If a=0, then the c-b term is removed and we get b. If a=1, then it stays and we have (b+(c-b)) = c.
This formula is also valid for Boolean arrays, of course, but introducing an integer c-b would be a poor choice from a performance standpoint. Instead, we can use the insight that performs the function of both + and - in the bitwise world, and transliterate our formula into

      b ≠ a∧(c≠b)

Again, if a=0, then the c≠b is zeroed out, and we end up with b≠0, which is the same as b. If a=1, then it stays, leaving (b≠(c≠b)), which gives c.

If y is a shape 2 m array y←b,[¯0.5]c, then we have b ≡ ⊣⌿y and (c≠b) ≡ ≠⌿y. So b ≠ a∧(c≠b) is, rearranging some, the same as (a ∧ ≠⌿y) ≠ ⊣⌿y. But there is an implicit scalar extension in the function; we can make this explicit by writing ((m/a) ∧ ≠⌿y) ≠ ⊣⌿y. Now it’s clear that to select using each bit of a vector x, we need to turn each bit into a row with length m, and then apply the and functions on rows, giving the formula I showed earlier.

How about Outer Product? That one’s easier, with no Boolean magic required. For vector arguments, ⍺ ∘.f ⍵ is identical to ((≢⍵)/⍪⍺) f ((≢⍺),≢⍵)⍴⍵, and the same computation works for general arrays if we use the ravel length ×/∘⍴ instead of the count . When the right argument has more than around 1024 bits, replicate becomes slower than the old way of just pairing each bit of the left argument with the whole of the right, so we use that method instead.

Speeding up ≠\

We left off with an expansion algorithm whose cost is dominated by the time to compute ≠\ on a vector. That computation is based on a fast method for ≠\ on a single machine word. It moves along the argument vector (which is the same as the result vector in this case) one word at a time, keeping track of the most recent bit of the result. Then each word of the result is obtained from the fast xor-scan of that word in the argument, xor-ed with the carried bit. For arbitrary input vectors, this is the best algorithm. But the word-length ≠\ computation is slowing us down, and it turns out we can do a lot better.

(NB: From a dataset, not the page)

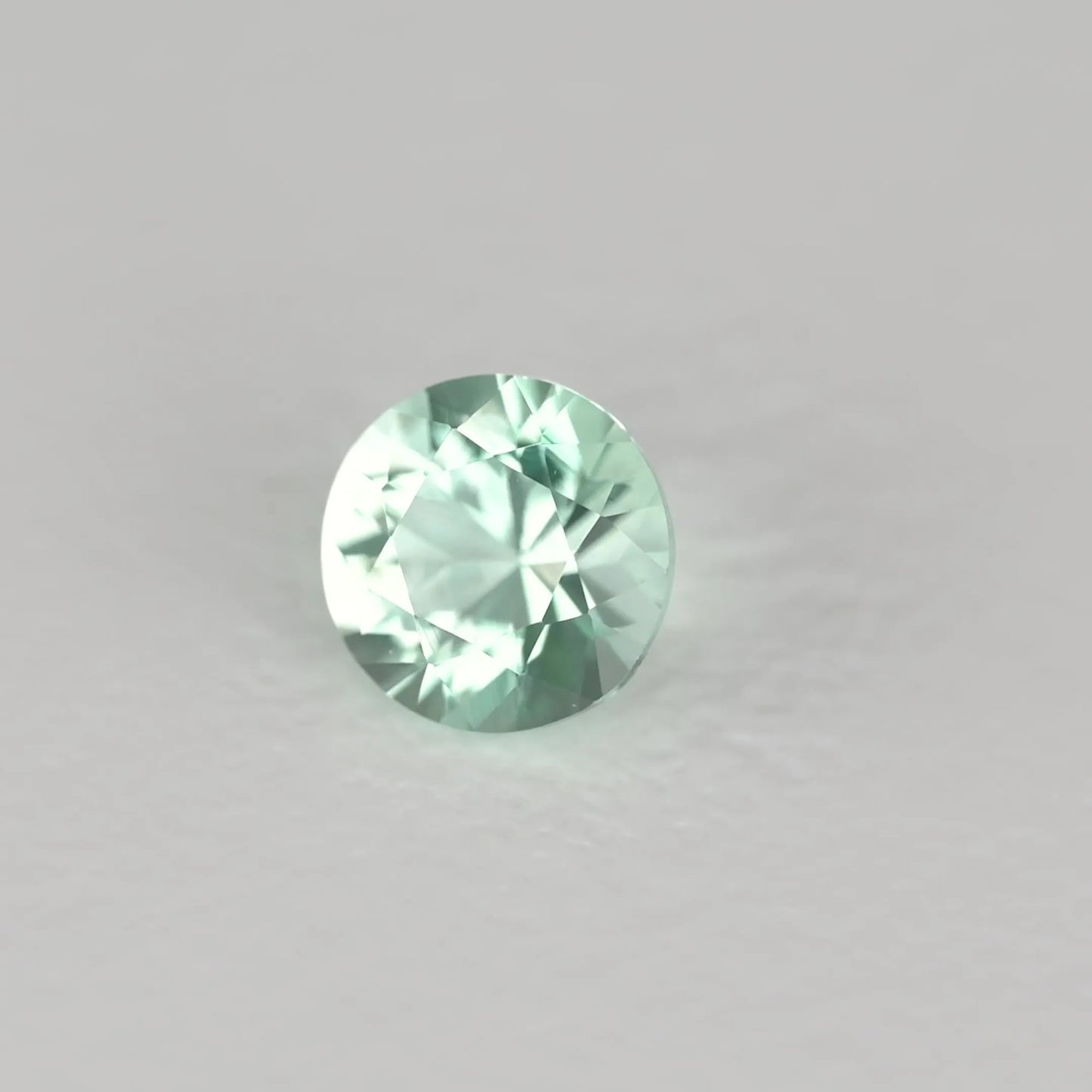 0.16ct Round Natural Emerald (Colour Green, Clarity Eye Clean, Cut Faceted)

Writing a single bit has the same cost as writing an entire aligned machine word. So writing one bit at a time, while much better than writing a variable number of bits with arbitrary alignment, represents some wasted effort. Can we make the impending ≠\ computation easier by using full-word writes?

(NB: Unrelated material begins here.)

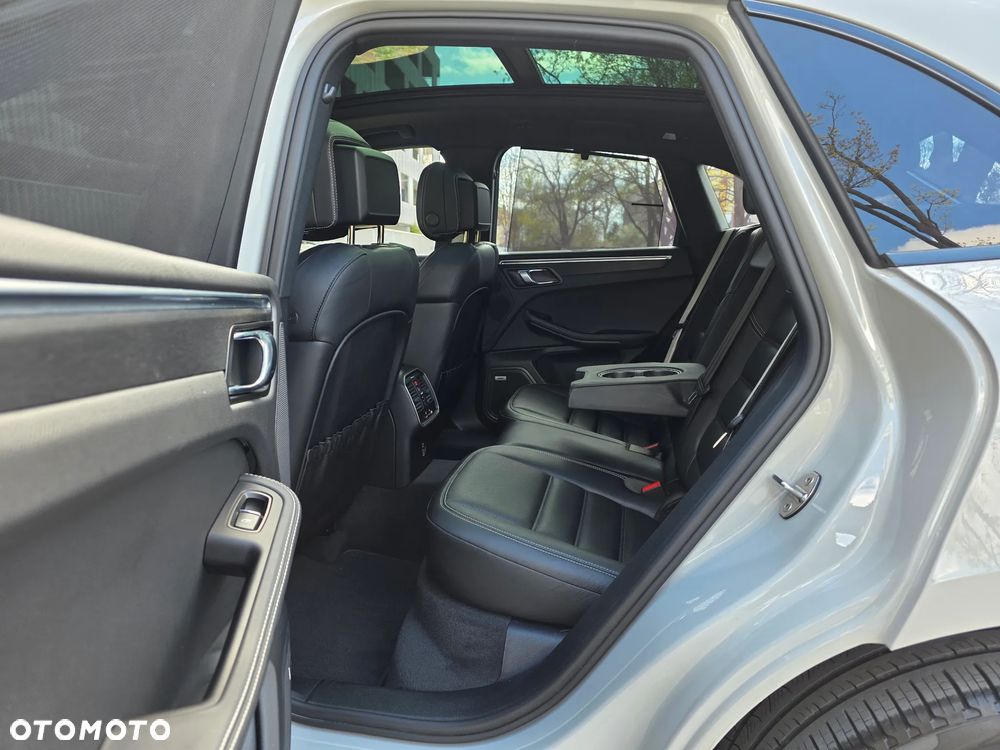 Porsche Macan GTS PDK - 25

A definite “yes” for that question. In fact, we can eliminate all of the intra-word computation. Consider the effect of a bit that we write on the final result after applying ≠\. That bit will be spread out over all of the subsequent bits, flipping each one. In order to produce this effect on a single word (leaving the task of flipping subsequent words for later), we can thus xor an aligned word with a word which is zero before that bit and one at that bit and later. We can get this word just by shifting the all-ones word right by an appropriate amount. And then we can omit the expensive word-size ≠\ computation entirely, so that to perform the final pass we simply repeatedly xor the next word with the current one’s last bit. This greatly reduces the cost of the final pass at very little expense to the pass before it (xor-ing rather than setting a word requires reading that word’s value first, so it’s not quite free).
fig2

To summarize, there are three passes:

  • Set all bits of the result to zero.
  • For each bit in the right argument, xor the appropriate word in the result with a word which is all ones after the place where that bit starts in the result.
  • Iterate across words of the result, xor-ing each with the last bit of the previous word (after finishing computation on that word).

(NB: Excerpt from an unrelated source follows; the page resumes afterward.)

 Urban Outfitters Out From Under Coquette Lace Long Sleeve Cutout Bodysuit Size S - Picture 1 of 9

For expansion factors between 32 and 256, this is the fastest method I know of. Below 32, interleaving is faster, and above 256 simply using memset will do the trick.

The xor-based algorithm also works for Replicate or Expand when the left argument is a vector, and in Dyalog 17 it is used for both of these whenever the average expansion factor, which is equal to the ratio of result length to argument length, is 256 or less.

The end result

perf1
The graph above shows the gains in scalar-Boolean replicate between versions 16.0 and 17.0. Note the huge scale of the vertical axis—replicate is just short of a hundred times faster at the far left! Version 17’s Replicate is split into three parts, with the performance of each individual algorithm shown under the overall result. From left to right, these are the algorithm with bit interleaving, the xor-based algorithm described in the last section, and an algorithm with memset. The last of these is the same basic strategy used by version 16, but there are some improvements in version 17 that make it about 45% faster for short arguments.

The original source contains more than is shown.